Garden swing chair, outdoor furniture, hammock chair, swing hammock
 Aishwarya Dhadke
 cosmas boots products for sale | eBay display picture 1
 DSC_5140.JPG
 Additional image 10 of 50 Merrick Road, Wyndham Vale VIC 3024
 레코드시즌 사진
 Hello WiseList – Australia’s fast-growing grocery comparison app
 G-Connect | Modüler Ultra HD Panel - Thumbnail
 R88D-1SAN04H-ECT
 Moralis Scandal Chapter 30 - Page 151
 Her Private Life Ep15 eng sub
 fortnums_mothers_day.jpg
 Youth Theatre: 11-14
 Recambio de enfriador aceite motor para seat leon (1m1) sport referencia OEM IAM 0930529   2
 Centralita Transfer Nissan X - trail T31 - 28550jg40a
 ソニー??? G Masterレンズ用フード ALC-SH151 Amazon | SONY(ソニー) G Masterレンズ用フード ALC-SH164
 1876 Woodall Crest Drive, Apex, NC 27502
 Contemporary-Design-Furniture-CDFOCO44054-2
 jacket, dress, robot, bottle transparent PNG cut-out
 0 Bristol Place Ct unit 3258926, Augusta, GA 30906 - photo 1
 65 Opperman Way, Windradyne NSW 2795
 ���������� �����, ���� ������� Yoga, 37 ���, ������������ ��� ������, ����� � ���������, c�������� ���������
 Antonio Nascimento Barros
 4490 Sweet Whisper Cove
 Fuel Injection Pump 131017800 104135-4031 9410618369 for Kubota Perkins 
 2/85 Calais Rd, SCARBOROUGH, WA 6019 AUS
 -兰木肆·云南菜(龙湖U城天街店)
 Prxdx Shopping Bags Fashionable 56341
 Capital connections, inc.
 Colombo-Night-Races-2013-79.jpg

PROBLEM DETAILS: Using the data above, print exactly the lines from the line that contains "Centralita Transfer Nissan" through the line that contains "0 Bristol Place", with both included.

TASK RESULT:
 Centralita Transfer Nissan X - trail T31 - 28550jg40a
 ソニー??? G Masterレンズ用フード ALC-SH151 Amazon | SONY(ソニー) G Masterレンズ用フード ALC-SH164
 1876 Woodall Crest Drive, Apex, NC 27502
 Contemporary-Design-Furniture-CDFOCO44054-2
 jacket, dress, robot, bottle transparent PNG cut-out
 0 Bristol Place Ct unit 3258926, Augusta, GA 30906 - photo 1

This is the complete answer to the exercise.